The verdict is in – the American Lung Association has released the State of the Air 2009 report. So, who are taking in a breath of fresh air and who are not?
Two types of air pollution are monitored: particle and ozone pollution. Their levels are used as the basis for ranking metropolitan areas. For particle pollution, rankings are divided into year-round or annual average levels and short-term or 24-hour levels. Particle pollution refers to pollution due to pollutants composed of soot, diesel exhaust, chemicals, metals and aerosols. Ozone, on the other hand, is a gas that is formed as sunlight reacts with pollutants such as car emissions.
The cleanest U.S. city for ozone air pollution is Billings, MT, followed by Carson City, NV and Coeur d’Alene, ID. The most populous city among the top ten cleanest cities for ozone air pollution is Honolulu, HI, with a population of more than 900,000. Honolulu also ranks third among the top cleanest cities for long-term particle pollution.
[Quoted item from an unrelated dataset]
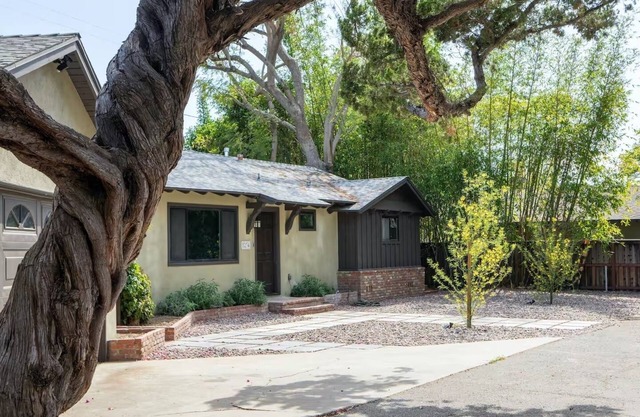 The Old New HousenA serene 2-bd house with AC in charming Sherman Oaks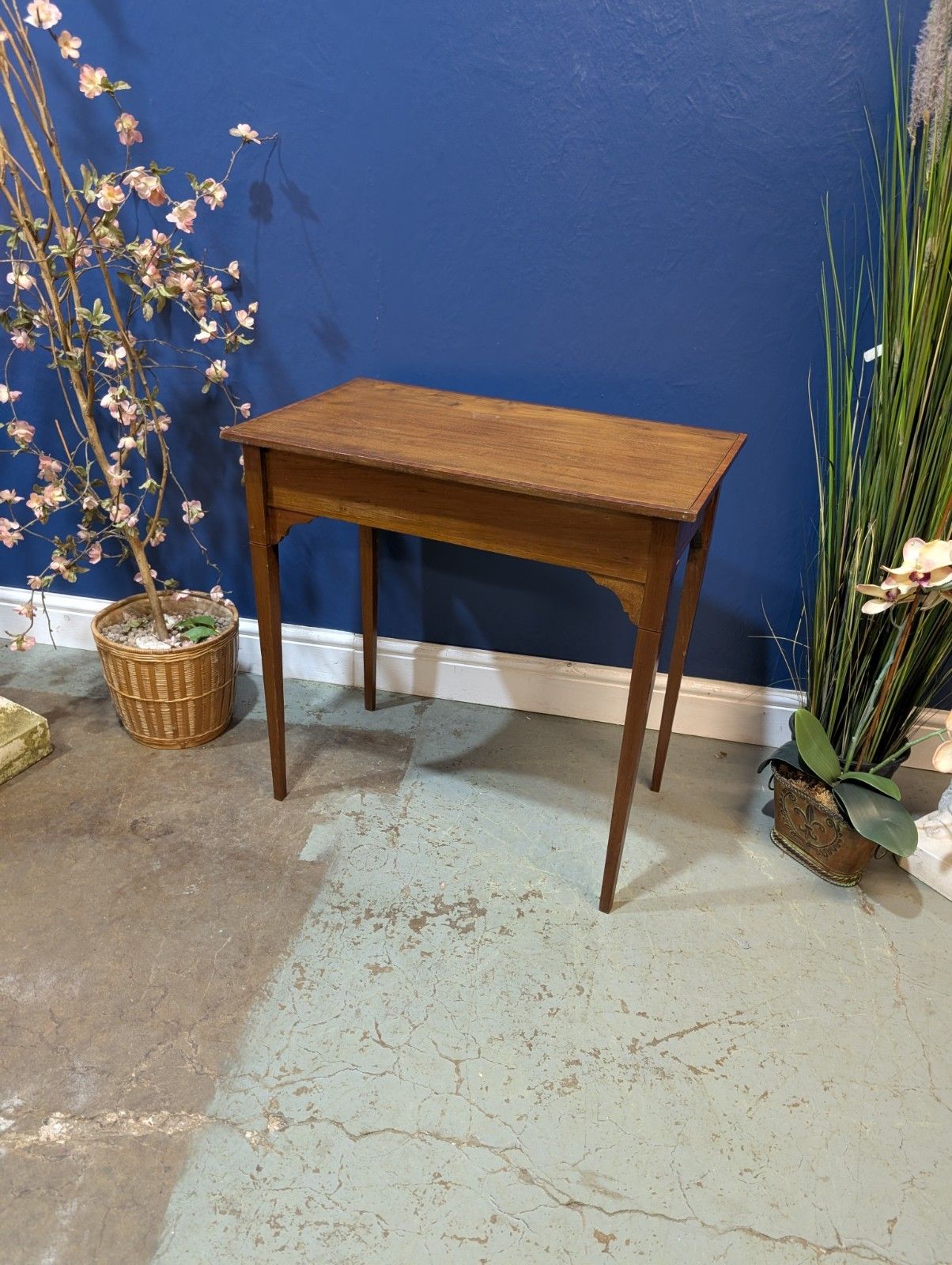 Edwardian Mahogany Side Table Elegant Legs Wine End Antique Polished Inlaid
In contrast, Los Angeles-Long Beach-Riverside, with a population of more than 17.7 million people, is ranked as the most ozone-polluted city in the United States, followed by Bakersfield, Visalla-Porterville and Fresno-Madera. The 4 most ozone-polluted cities are all in the state of California, and Los Angeles has held this ranking nine times over the last decade. The New York-Newark-Bridgeport area, distributed among the states of New York, New Jersey, Connecticut and Pennsylvania with a population of almost 22 million people, is ranked 17th. They are tied with the St.Louis-St. Charles-Farmington area in Missouri and Illinois.
Reuters UK estimates that 6 in 10 Americans – estimated at about a total of 186 million people – live with the dangers of air pollution. This is despite the fact that it has been almost 4 decades since the Clean Air Act was passed in 1970.